Saved entries:
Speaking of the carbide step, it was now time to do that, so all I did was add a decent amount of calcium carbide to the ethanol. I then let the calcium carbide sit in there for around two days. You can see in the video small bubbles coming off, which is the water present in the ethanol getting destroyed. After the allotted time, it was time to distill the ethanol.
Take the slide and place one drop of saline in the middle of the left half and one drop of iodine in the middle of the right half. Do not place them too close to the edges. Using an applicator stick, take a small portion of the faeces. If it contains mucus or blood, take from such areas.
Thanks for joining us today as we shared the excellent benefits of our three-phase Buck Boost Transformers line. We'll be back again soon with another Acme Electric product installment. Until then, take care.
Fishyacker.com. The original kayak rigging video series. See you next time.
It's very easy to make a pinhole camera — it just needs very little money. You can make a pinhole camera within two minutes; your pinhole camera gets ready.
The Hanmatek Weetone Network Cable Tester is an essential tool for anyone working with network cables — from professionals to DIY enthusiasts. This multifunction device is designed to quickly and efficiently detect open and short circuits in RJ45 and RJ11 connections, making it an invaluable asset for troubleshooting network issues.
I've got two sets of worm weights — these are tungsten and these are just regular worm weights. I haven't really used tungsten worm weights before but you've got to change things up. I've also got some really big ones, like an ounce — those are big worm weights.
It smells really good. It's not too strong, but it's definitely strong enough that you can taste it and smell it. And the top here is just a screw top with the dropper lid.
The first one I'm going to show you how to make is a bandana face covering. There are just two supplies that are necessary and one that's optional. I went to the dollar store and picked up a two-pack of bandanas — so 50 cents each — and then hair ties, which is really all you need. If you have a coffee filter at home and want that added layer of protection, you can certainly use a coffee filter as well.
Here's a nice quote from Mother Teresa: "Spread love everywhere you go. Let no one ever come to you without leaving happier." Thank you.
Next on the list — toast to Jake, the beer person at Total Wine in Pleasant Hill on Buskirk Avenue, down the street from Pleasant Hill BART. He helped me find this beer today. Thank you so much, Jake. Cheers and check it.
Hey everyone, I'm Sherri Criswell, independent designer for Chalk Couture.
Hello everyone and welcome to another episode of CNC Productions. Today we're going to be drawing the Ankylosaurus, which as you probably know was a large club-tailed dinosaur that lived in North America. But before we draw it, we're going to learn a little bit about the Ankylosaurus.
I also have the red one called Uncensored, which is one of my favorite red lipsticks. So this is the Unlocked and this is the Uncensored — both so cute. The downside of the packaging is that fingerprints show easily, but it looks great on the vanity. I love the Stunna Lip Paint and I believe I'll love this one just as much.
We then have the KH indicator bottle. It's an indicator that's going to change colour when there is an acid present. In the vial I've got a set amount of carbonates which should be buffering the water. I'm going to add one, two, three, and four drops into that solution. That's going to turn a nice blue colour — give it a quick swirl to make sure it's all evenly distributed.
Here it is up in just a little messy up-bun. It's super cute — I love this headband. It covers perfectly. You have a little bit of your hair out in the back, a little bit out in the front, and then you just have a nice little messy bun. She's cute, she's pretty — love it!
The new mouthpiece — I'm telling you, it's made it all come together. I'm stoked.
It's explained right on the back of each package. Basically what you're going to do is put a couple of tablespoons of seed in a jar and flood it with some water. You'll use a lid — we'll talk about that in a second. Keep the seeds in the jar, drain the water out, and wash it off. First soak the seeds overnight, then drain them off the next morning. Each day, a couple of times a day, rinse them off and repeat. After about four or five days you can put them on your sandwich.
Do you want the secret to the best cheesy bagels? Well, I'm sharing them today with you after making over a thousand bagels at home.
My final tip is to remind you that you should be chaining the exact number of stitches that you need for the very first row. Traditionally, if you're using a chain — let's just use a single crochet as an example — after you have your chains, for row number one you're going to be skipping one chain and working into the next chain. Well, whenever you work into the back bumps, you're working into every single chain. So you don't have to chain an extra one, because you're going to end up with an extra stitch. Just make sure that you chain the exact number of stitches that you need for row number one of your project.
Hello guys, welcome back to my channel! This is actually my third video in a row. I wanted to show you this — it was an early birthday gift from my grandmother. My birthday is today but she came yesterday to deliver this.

> _YOUR TASK_
Scan the records above. Return every line with "everyone" in it.

> _WRITTEN SOLUTION_
Hey everyone, I'm Sherri Criswell, independent designer for Chalk Couture.
Hello everyone and welcome to another episode of CNC Productions. Today we're going to be drawing the Ankylosaurus, which as you probably know was a large club-tailed dinosaur that lived in North America. But before we draw it, we're going to learn a little bit about the Ankylosaurus.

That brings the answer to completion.